> **Your objective**: The entries below should be given again exactly, minus their pictures.

*** Opening Provided records ***

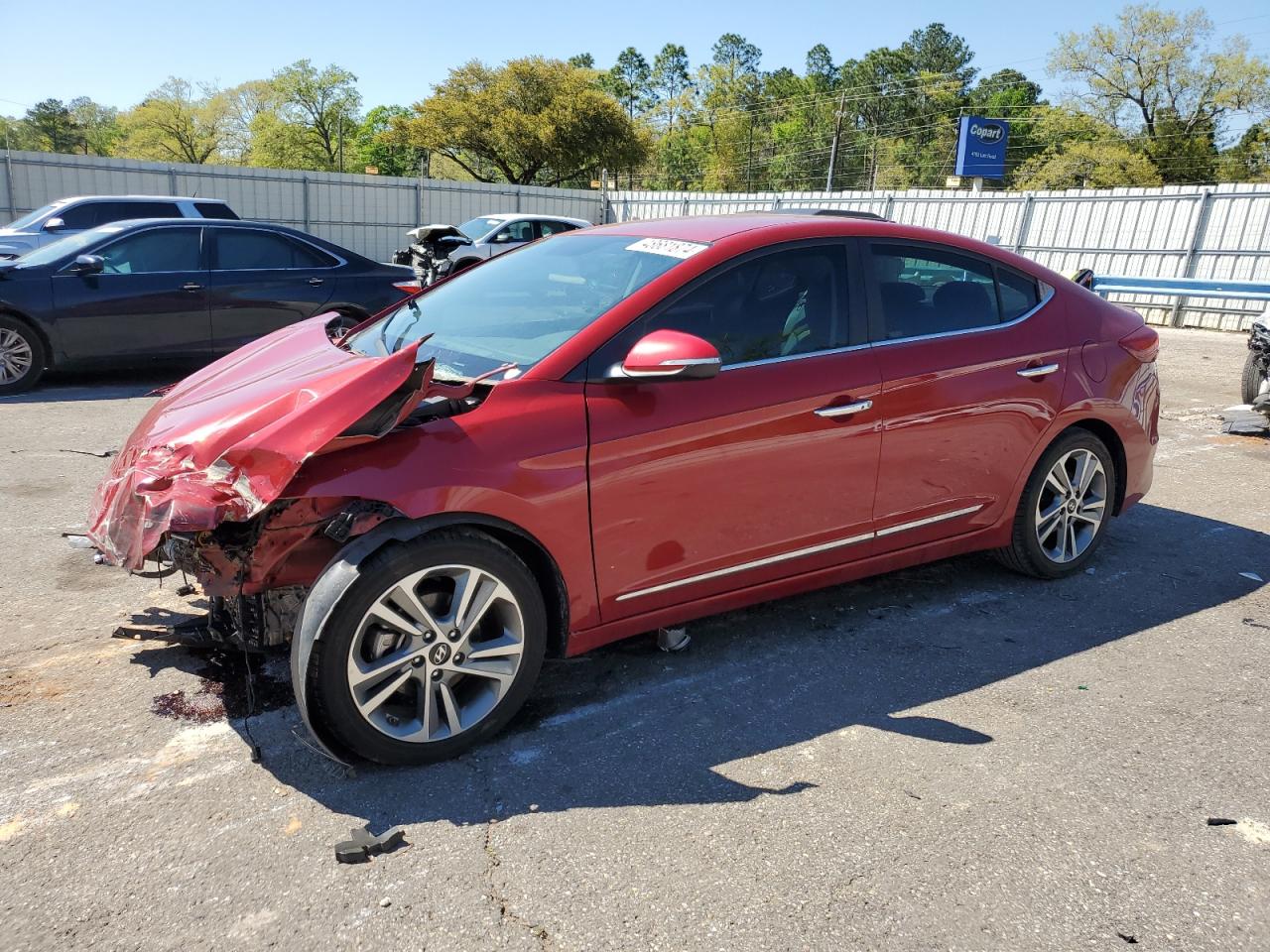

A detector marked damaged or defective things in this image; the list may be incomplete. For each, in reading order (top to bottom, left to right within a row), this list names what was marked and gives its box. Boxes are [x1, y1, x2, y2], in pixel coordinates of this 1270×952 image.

crumpled hood [88, 315, 433, 567]
damaged red sedan [89, 216, 1159, 766]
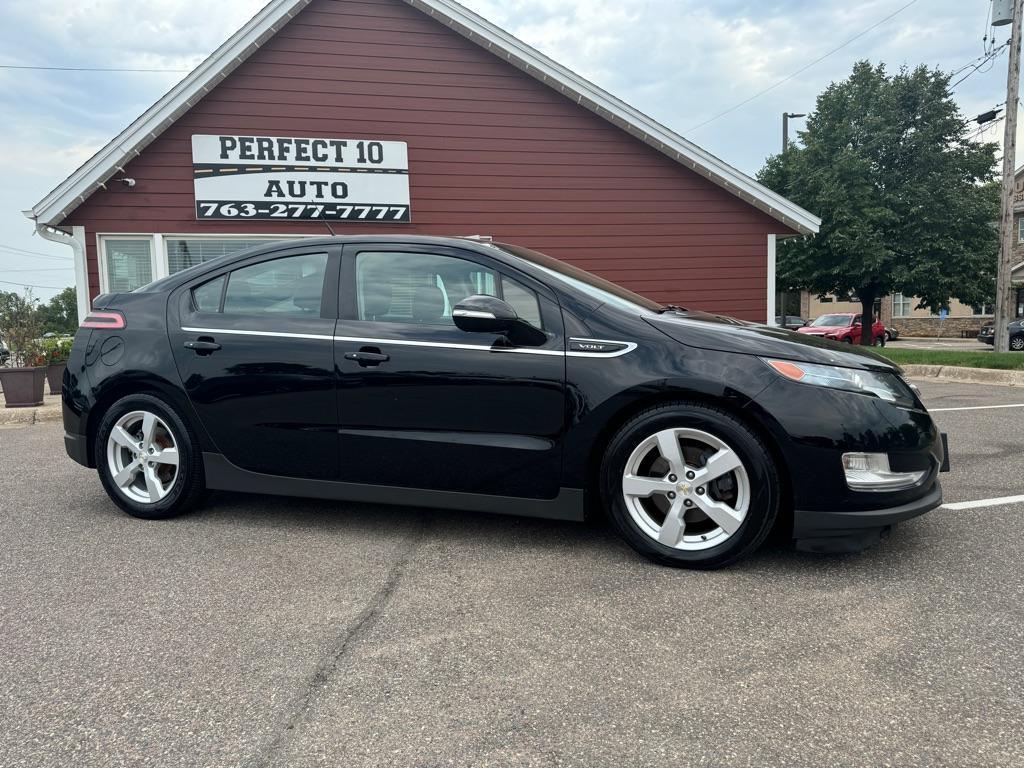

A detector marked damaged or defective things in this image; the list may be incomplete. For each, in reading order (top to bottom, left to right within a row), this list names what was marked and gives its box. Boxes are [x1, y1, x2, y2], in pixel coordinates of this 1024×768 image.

parking lot crack [250, 510, 430, 768]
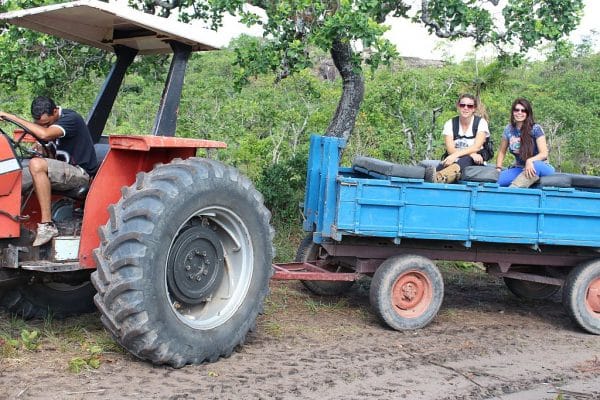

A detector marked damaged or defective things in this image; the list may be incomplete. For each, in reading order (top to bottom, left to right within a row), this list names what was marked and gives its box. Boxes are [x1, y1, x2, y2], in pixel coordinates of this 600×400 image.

rusty orange wheel rim [394, 270, 432, 318]
rusty orange wheel rim [584, 278, 600, 316]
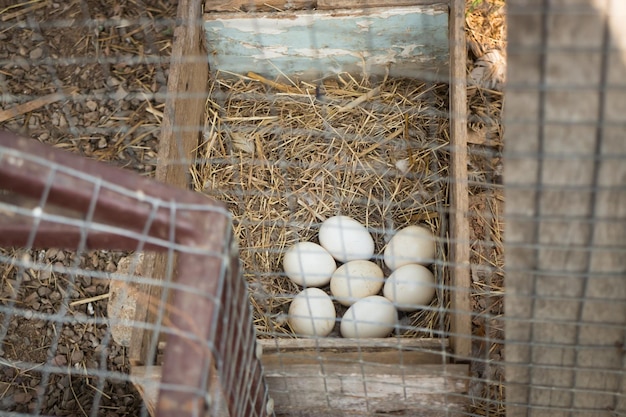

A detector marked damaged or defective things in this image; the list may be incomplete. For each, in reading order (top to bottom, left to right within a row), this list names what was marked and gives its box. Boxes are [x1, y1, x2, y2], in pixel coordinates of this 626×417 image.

peeling paint on wood [202, 5, 446, 80]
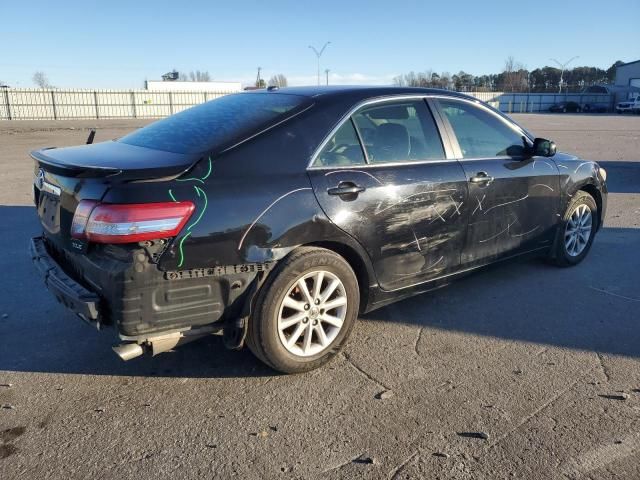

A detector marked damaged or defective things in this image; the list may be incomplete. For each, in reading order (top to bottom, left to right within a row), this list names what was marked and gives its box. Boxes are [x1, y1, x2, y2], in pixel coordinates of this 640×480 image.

cracked asphalt [1, 114, 640, 478]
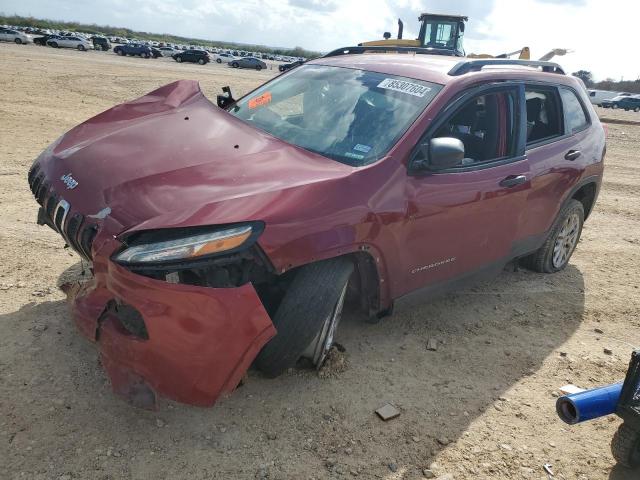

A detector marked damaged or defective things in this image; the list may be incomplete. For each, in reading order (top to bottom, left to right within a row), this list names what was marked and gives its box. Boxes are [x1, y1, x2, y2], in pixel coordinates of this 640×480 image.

detached bumper piece [28, 166, 97, 262]
crumpled hood [35, 81, 352, 235]
damaged front bumper [65, 260, 276, 410]
detached bumper piece [67, 262, 276, 408]
damaged front wheel [255, 256, 356, 376]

*** Closing Provided records ***

> **Result for this task**:
A detector marked damaged or defective things in this image; the list may be incomplete. For each, in reading order (top to bottom, left to right within a row), this list names what was marked and gives its box. Boxes are [x1, y1, x2, y2], in pixel coordinates of this 1270×952 image.

crumpled hood [88, 315, 433, 567]
damaged red sedan [89, 216, 1159, 766]

A detector marked damaged or defective things in this image; the list may be incomplete. For each, in reading order (top to bottom, left to right within a row), this list names what was marked and gives its box. Boxes are [x1, y1, x2, y2], in pixel coordinates of this 1024×768 image.

parking lot crack [250, 510, 430, 768]

A detector marked damaged or defective things in this image; the list may be incomplete. For each, in reading order (top to bottom, left to right within a row), this list names what was marked and gives its box. Boxes are [x1, y1, x2, y2], in pixel coordinates of this 600×400 image.

rusty orange wheel rim [394, 270, 432, 318]
rusty orange wheel rim [584, 278, 600, 316]

A detector marked damaged or defective things in this image; the list may be incomplete. For each, in reading order (top to bottom, left to right within a row), this list names what was marked and gives its box. Boxes are [x1, y1, x2, y2], in pixel coordinates of this 626×417 image.

peeling paint on wood [202, 5, 446, 80]

A detector marked damaged or defective things in this image; the list may be incomplete. For each, in reading order (top to bottom, left to right within a row), this list names what was marked and gives its box. Boxes are [x1, y1, x2, y2], in pixel coordinates of this 640×480 image.

cracked asphalt [1, 114, 640, 478]

A detector marked damaged or defective things in this image; the list may be incomplete. For each, in reading order (top to bottom, left to right within a row), this list names what was marked and gives its box. Boxes are [x1, y1, x2, y2], in pixel coordinates of this 640×480 image.

detached bumper piece [28, 166, 97, 262]
crumpled hood [35, 81, 352, 235]
damaged front bumper [65, 260, 276, 410]
detached bumper piece [67, 262, 276, 408]
damaged front wheel [255, 256, 356, 376]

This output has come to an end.